While he was in New York, the singer caught up with friends, took in the city’s street style (“but no one wants to look happy about it!”) and played a benefit show in support of Artists for Action and Sandy Hook Promise in the fight against gun violence. He also reminisced about a movie gig that almost was.“I was real close to being in ‘The Good Shepherd,’” he says. "When it was Leo DiCaprio (as lead actor) and I got through for auditions, I read with Leo.”
The eventual lead became Matt Damon, and Rossdale recalled that his role went to a “way superior actor,” Billy Crudup. But Rossdale remembers his shot at working with Robert De Niro whenever he returns to the city.
There are other memories he’s recalling these days: almost 30 years of Bush. The band is looking back with its first career-spanning greatest-hits album, "Loaded: The Greatest Hits 1994-2023" (out Friday). The release includes a new single, “Nowhere to Go But Everywhere.” Rossdale reminisces about all of it with gratitude, even when things weren’t smooth sailing, like when the band was dropped after creating its first album, “Sixteen Stone.”

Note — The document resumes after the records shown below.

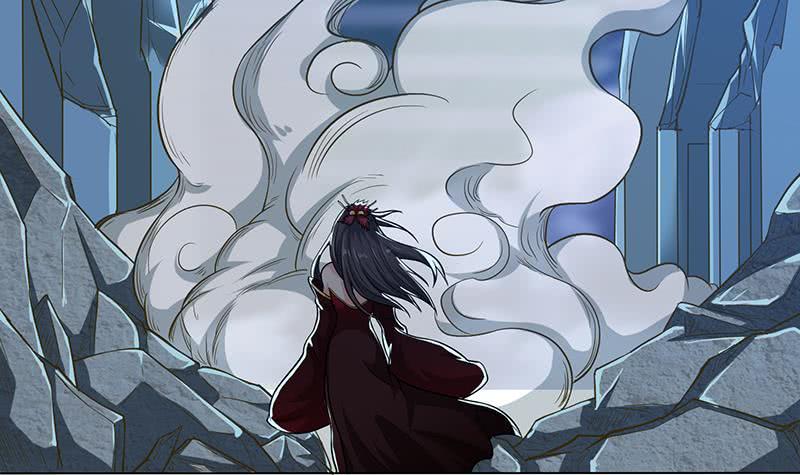 总有神仙想害我韩漫全集-第200话 难分难舍的纠缠无删减无遮挡章节图片 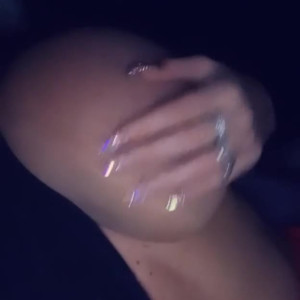 Video by candycharms published on March 10,2023 05:36:00 - BestThots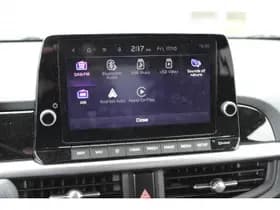 Kia Picanto thumbnail 24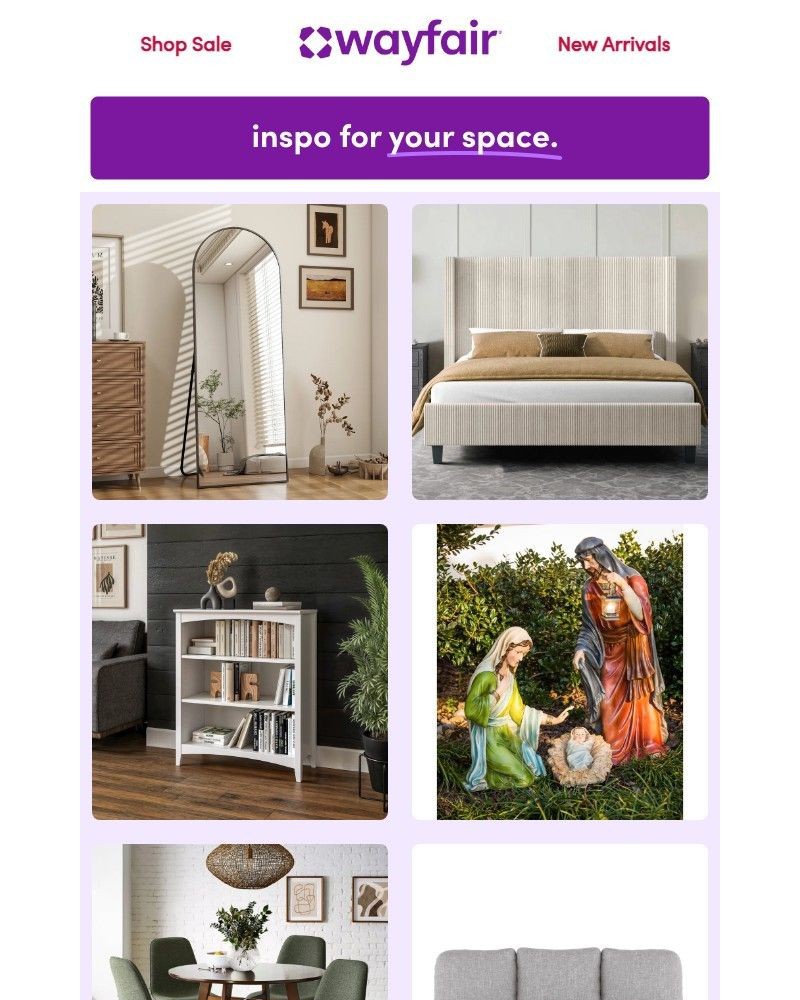 Screenshot of email with subject /media/emails/wall-accent-mirrors-you-gotta-see-these-d55666-cropped-6be46a88.jpg
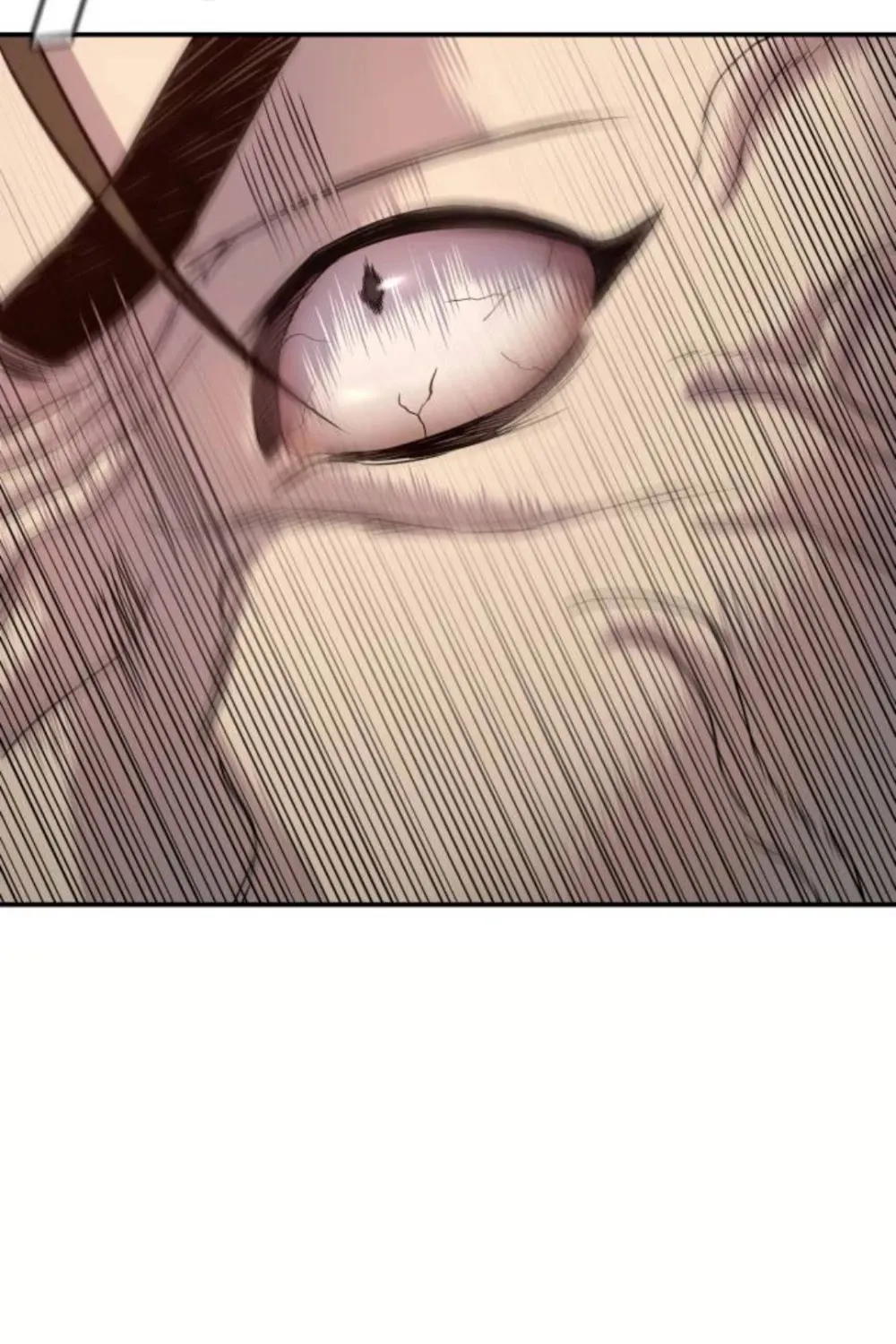 Read Director Kim chapter 15 image 71 on Lezhin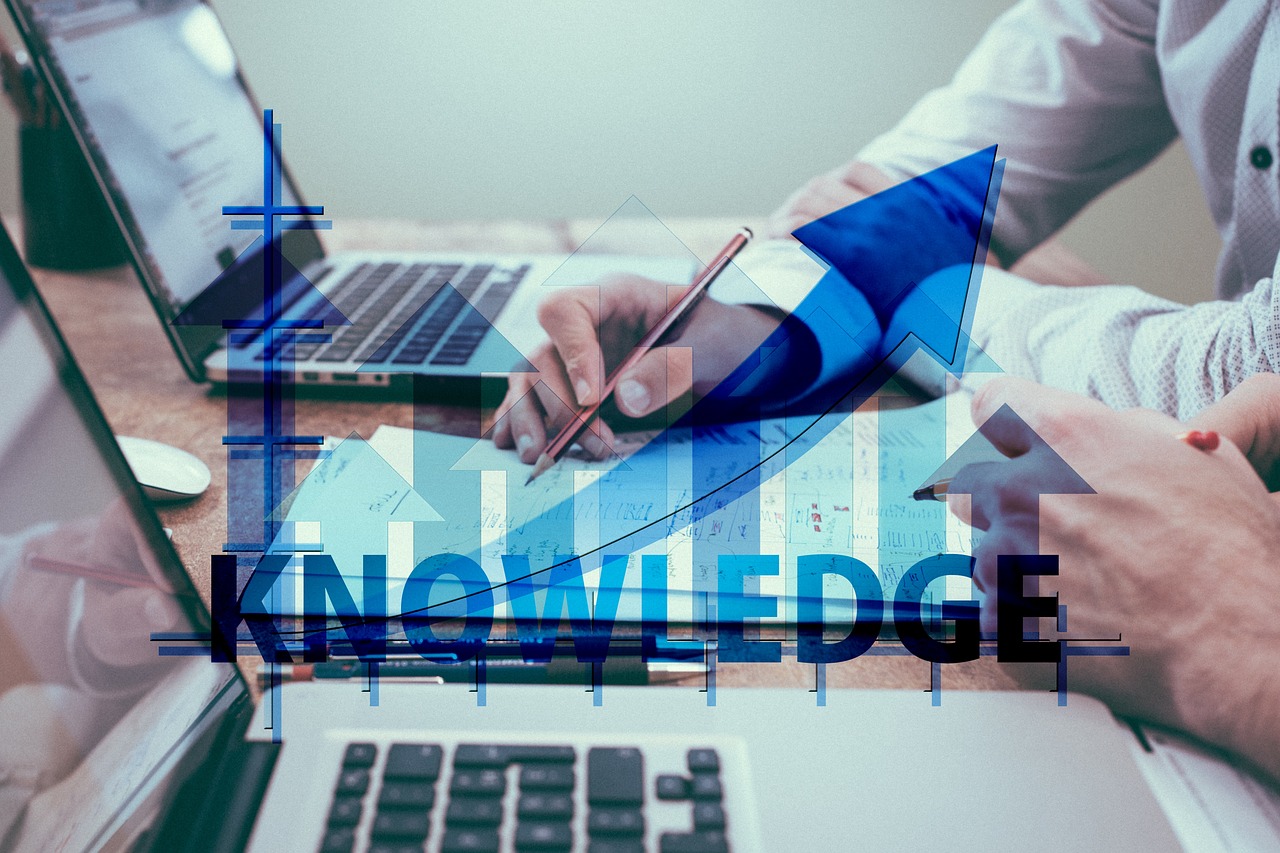 薄毛の遺伝以外の原因にはどんなものがある？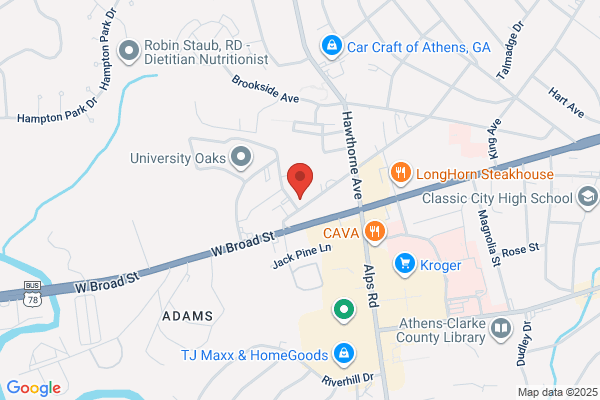 Country Inn & Suites by Radisson, Athens, GA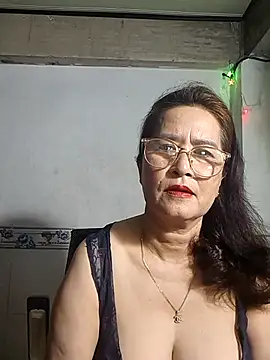 Snapshot of phnz chatting on February 25, 2026, 8:52 pm phnz online show from February 25, 2026, 8:52 pm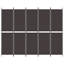 Kahleo Room Divider-160543583-171093251-171093256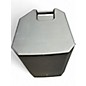 Used Electro-Voice ZLX-12P 12in 2-Way Powered Speaker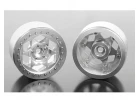 RC4WD Rogue 2.2 Beadlock Wheels RC4WD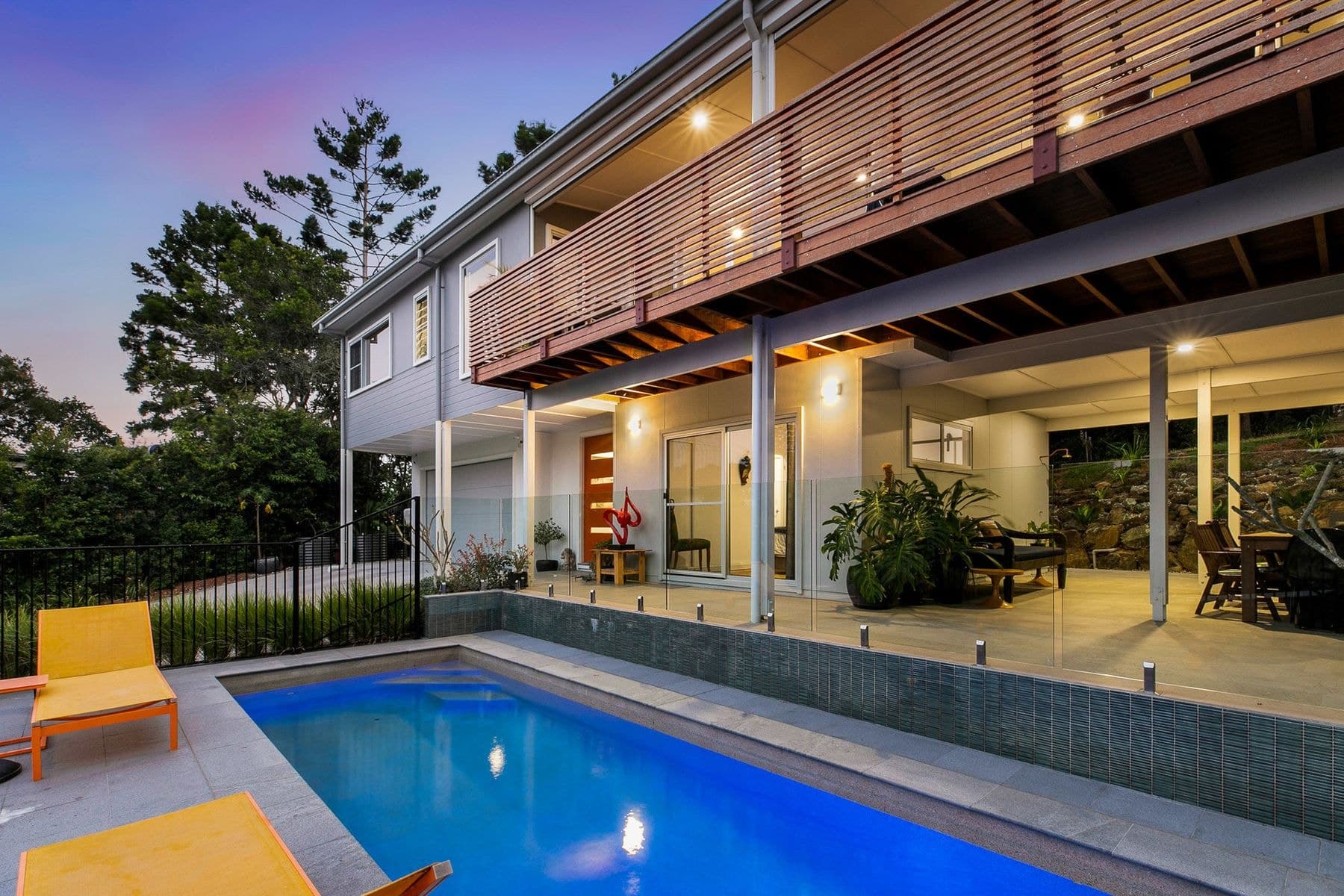 30/31 Hayters Drive, Suffolk Park NSW 2481, Suffolk Park - Thumbnail 3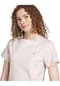 adidas Graphics T-Shirt, Baumwolle, für Damen Bild 3
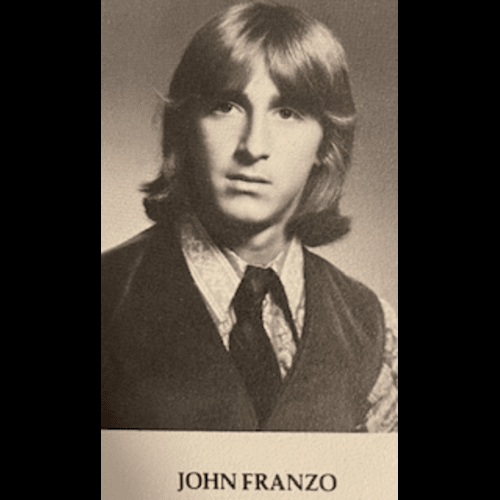 John Franzo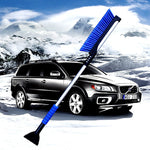 Ciaovie™ Brosse de Déneigement Rétractable pour Voiture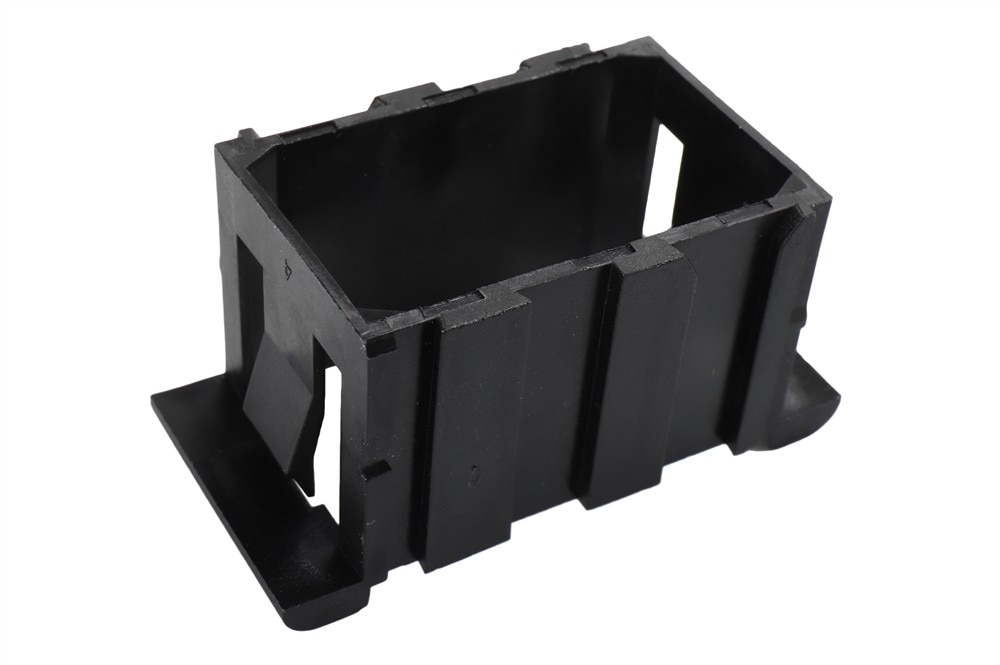 GM Genuine Parts Accessory Switch Housing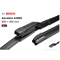 Bosch A398S A398S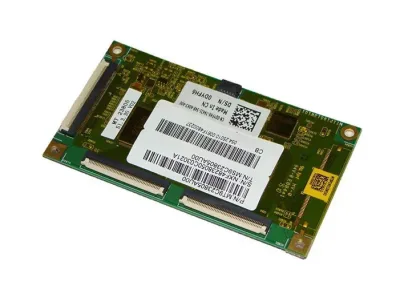 0DYFH6 - Dell Inspiron All-In-One 24 5459 Touch Screen Controller Board with Connector (Clean pulls)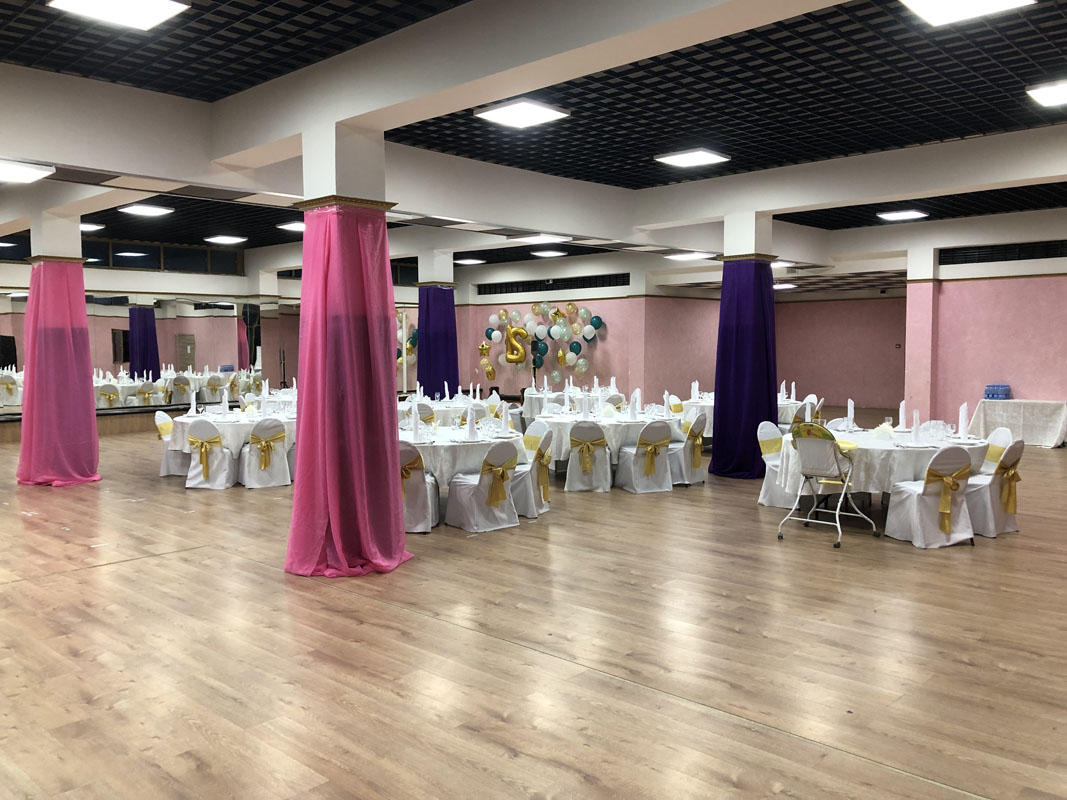 Венеция — фото 2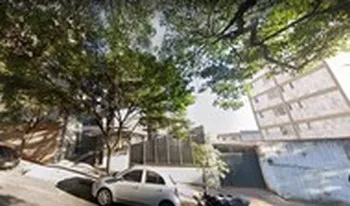 Condomínio Do Edifício Alonso Cordeiro Valadares em Belo Horizonte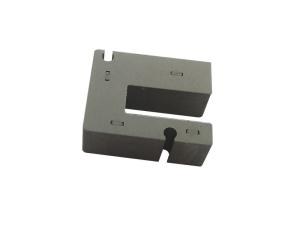 China CRNGO 50HZ-60HZ EI-100 Silicon Electrical Steel factory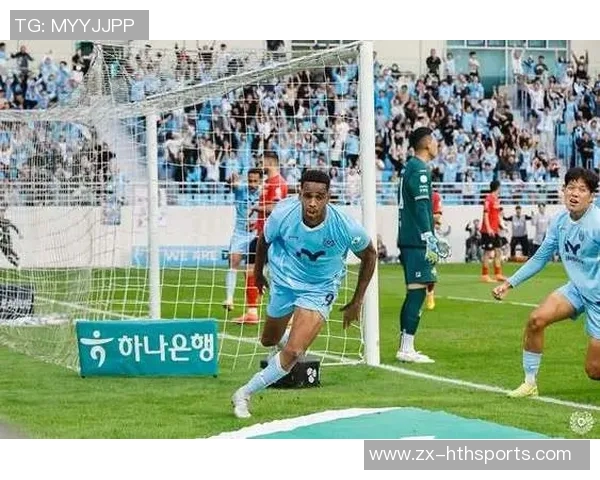 全北现代主帅波耶特因社媒言论被罚款300万韩元 全北现代主帅波耶特因社媒言论被罚款300万韩元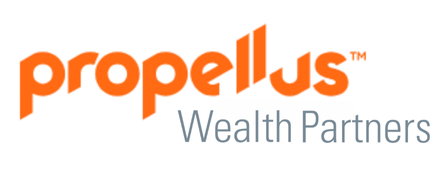 Propellus Wealth Partners | iA Private Wealth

“I went back to work and I was painting a bunch of dentist offices,” he recalls. “It wasn't soul-destroying because I thought: ‘OK, you made a record. They can't take that away from you.’“I already kind of had a degree of satisfaction with that. So to fast-forward 29 or even 30 years and be in this position is just is too wild, and it's kind of thrilling to have that degree of legacy.”